Software a medida
Si estás buscando software a medida, lo primero es no dejarte arrastrar por la demo más bonita. El software no se compra para llenar una pantalla. Se compra para quitar fricción, evitar errores y ganar control.
El problema de fondo es este: si tu empresa trabaja de una forma concreta, forzarla dentro de un programa estándar puede salir caro. Si eliges mal, pagas dos veces: una con dinero y otra con tiempo.
La decisión correcta
Esta guía te ayuda a saber cuándo compensa crear, adaptar o integrar software en lugar de pagar licencias que no resuelven el fondo. Sin tecnicismos innecesarios. Sin promesas de vendedor. Con criterios que puedes usar antes de pedir una demo o firmar un contrato.
Qué deberías revisar antes de elegir
- Procesos propios que no encajan en herramientas estándar.
- Datos duplicados entre programas que no se hablan.
- Costes recurrentes por usuarios, módulos o licencias infrautilizadas.
- Necesidad de automatizar tareas repetitivas.
- Dependencia de Excel, Access o programas antiguos sin evolución.
La regla KISS
No empieces preguntando qué software tiene más funciones.
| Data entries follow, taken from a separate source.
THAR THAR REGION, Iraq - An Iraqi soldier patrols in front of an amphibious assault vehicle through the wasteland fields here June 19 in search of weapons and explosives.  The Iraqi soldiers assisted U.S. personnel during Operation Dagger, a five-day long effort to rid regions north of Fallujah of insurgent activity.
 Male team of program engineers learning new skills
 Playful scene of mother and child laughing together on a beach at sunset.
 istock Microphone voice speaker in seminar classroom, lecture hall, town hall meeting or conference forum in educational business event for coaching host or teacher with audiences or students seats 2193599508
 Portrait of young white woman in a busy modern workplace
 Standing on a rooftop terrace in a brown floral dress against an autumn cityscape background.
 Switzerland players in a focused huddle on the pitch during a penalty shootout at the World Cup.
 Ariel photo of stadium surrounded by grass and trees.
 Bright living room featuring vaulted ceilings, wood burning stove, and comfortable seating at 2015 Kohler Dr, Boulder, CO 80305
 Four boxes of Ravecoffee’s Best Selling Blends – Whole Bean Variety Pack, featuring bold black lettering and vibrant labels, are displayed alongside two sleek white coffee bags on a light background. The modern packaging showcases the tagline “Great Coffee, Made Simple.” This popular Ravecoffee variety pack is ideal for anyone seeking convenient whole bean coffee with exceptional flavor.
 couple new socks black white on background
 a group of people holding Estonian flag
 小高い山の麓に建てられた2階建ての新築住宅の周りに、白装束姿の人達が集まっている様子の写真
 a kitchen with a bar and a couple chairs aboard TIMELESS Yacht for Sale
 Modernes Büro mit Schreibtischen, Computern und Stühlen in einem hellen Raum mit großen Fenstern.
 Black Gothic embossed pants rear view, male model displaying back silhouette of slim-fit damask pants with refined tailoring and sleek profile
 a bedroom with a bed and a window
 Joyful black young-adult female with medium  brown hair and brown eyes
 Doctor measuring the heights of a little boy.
Pregunta qué proceso quieres resolver, quién lo va a usar y qué pasará si mañana necesitas cambiar, exportar o integrar los datos.
Un software bueno no es el que más hace. Es el que hace bien lo que tu empresa necesita cada día.
Cuándo pedir ayuda
Si el problema es sencillo, una solución estándar puede bastar. Si hay integraciones, programas antiguos, procesos propios o requisitos legales, conviene revisar el caso antes de comprar por impulso.